Requirement> Aim for an exact copy of the listing, without any images.

== Supplied data ==

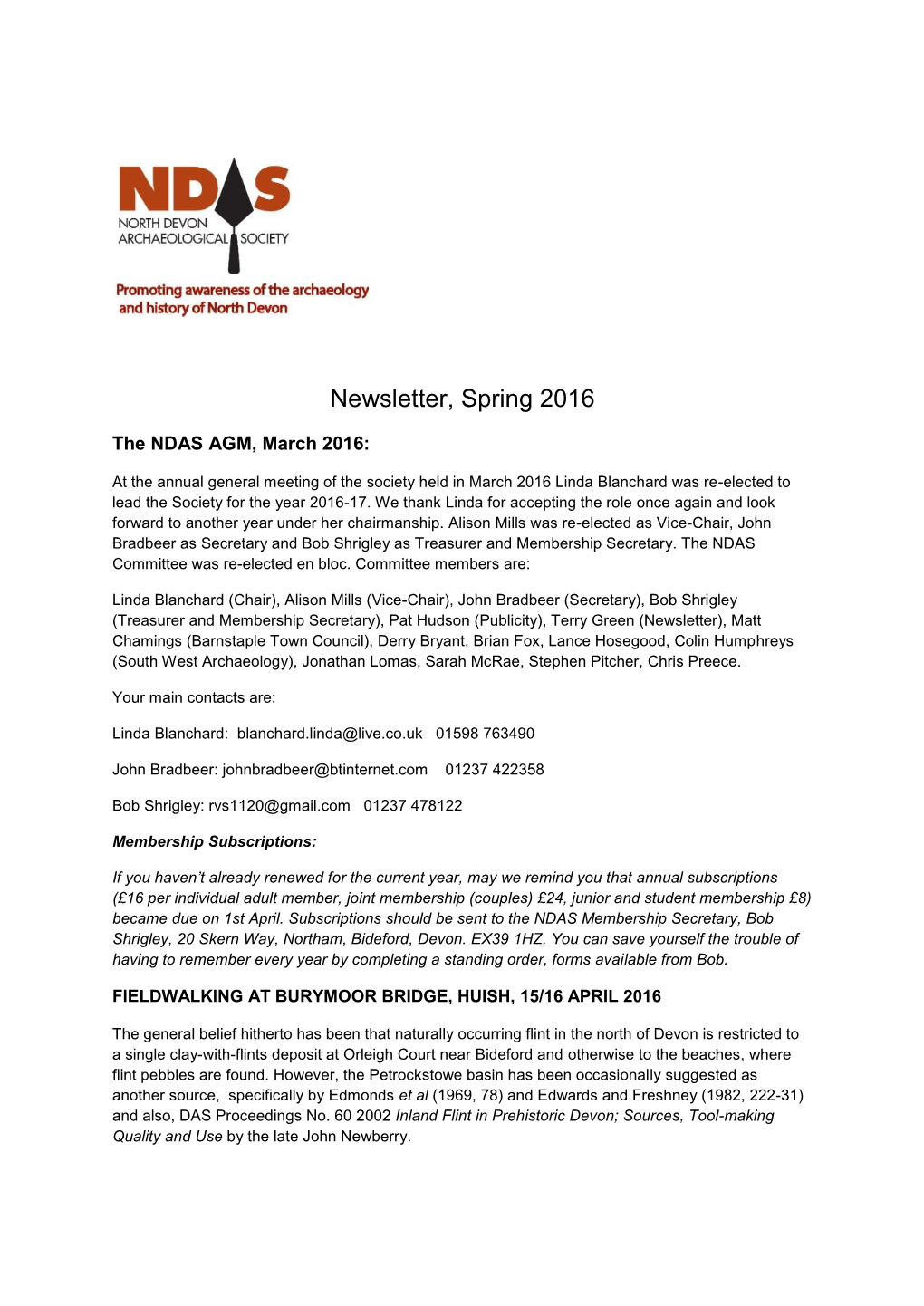 Newsletter, Spring 2016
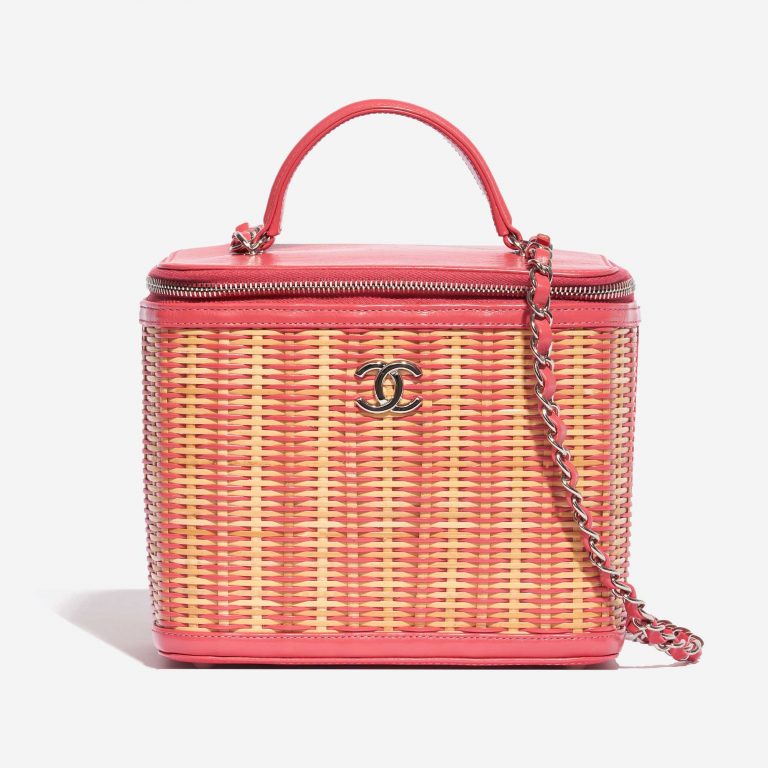 Pre-owned Chanel bag Vanity Medium Calf / Wicker Pink Beige, Pink Front | Sell your designer bag on Saclab.com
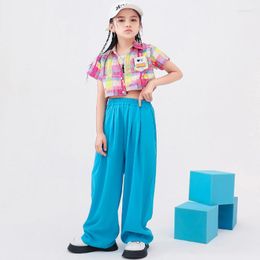 Stage Wear Kids Ballroom Hip Hop Clothing Print Crop Shirt Top Casual Street Pant For Girls Jazz Dance Costume Teenager Show Clothes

===

Exercise result>
 Newsletter, Spring 2016
 Pre-owned Chanel bag Vanity Medium Calf / Wicker Pink Beige, Pink Front | Sell your designer bag on Saclab.com
 Stage Wear Kids Ballroom Hip Hop Clothing Print Crop Shirt Top Casual Street Pant For Girls Jazz Dance Costume Teenager Show Clothes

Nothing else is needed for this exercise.